It’s no secret that chronic stress can have a deeply negative effect on your mental and physical well-being. When you’re overwhelmed with anxious thoughts, your body’s stress response activates. Your body interprets those thoughts as a danger to your well-being.

It may be hard to calm those racing thoughts and convince your body that you’re not facing impending doom.

Fortunately, the mind-body connection is an amazing two-way street that also lets us tap into the relaxation response. Yoga is one of those tools that will help activate the relaxation response, decrease stress, and relieve the tension of your body.

Yoga (or Hatha yoga) is an ancient practice that uses physical exercises to center the mind.

While yoga can be used as physical exercise, it is also heavily focused on connecting the movement of the body to the fluctuations of the mind. Many yoga practices include slow breathing and meditation, which use that same mind body connection to provide stress relief.

Why Yoga Works

While your mind may be reacting to different types of stressors that are not necessarily life-threatening (like pressure from work or the birth of a child), your body jumps into action the same way every time. It activates the sympathetic nervous system to get your heart pumping, your blood flowing, and your muscles tensed for action.

Once the danger passes, the parasympathetic nervous system kicks in to cool the body down.

Regular yoga practice can help our body be more selective of these stress triggers so we can respond more accurately to life situations. It conditions both the mind and the body to recognize stress and then overcome it, rather than letting It spiral out of control. It helps trigger the relaxation response from the parasympathetic system by releasing a neurotransmitter called GABA. Yoga not only increases the levels of GABA in your body but also improves mood and decreases anxiety. (Study)

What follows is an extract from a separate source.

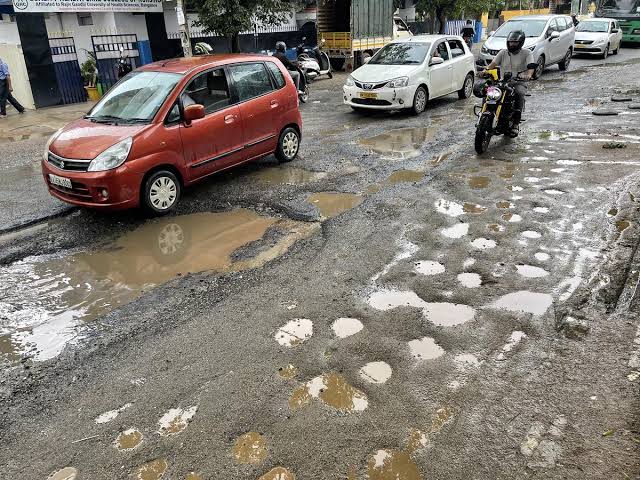 aapkaprithvi's tweet photo. ISRO Chandrayaan team is based out of Bengaluru.
Thanks to #BBMP the team has had lots of experience and practice in navigating and landing safely on uneven surfaces.
Check out intial photos taken of the surface of the moon and potholed roads in Bengaluru !
#ThankUBBMP https://t.co/7tHa2elylq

It may sound confusing but it’s actually one of the ingenious ways we can retrain our bodies’ stress response for the modern times.

Yoga uses stretching and poses to impose stress on our body while we tell our minds to stay calm and keep breathing. In fact, controlled breathing is one of the key disciplines in yoga. Controlled or mindful breathing has huge benefits in managing and fighting off stress.

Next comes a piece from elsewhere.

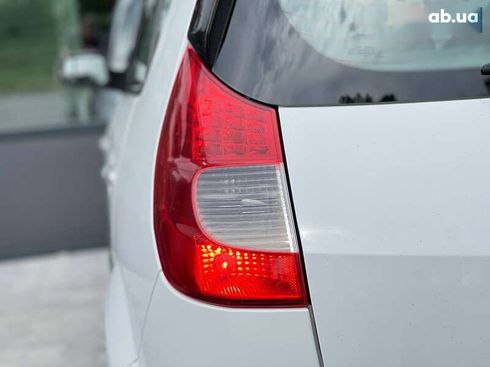 Renault Scenic 2008 - фото 13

The physical aspect of stretching and accomplishing difficult poses sets off the sympathetic nervous system. But the controlled breathing helps keep your mind focused, calm, and mindful of each physical activity. Each movement sets off your fight or flight reaction while your focused mind and controlled breathing engage the relaxation response.

When you finally move your body into the final stages of relaxation (the ending poses in a yoga session), the sympathetic system goes to work by bringing your body temperature down, slowing your heart rate and slowing our breathing.

Even More Benefits of Yoga

In addition to conditioning your body to manage stress better, practicing yoga has resulted in many other health benefits.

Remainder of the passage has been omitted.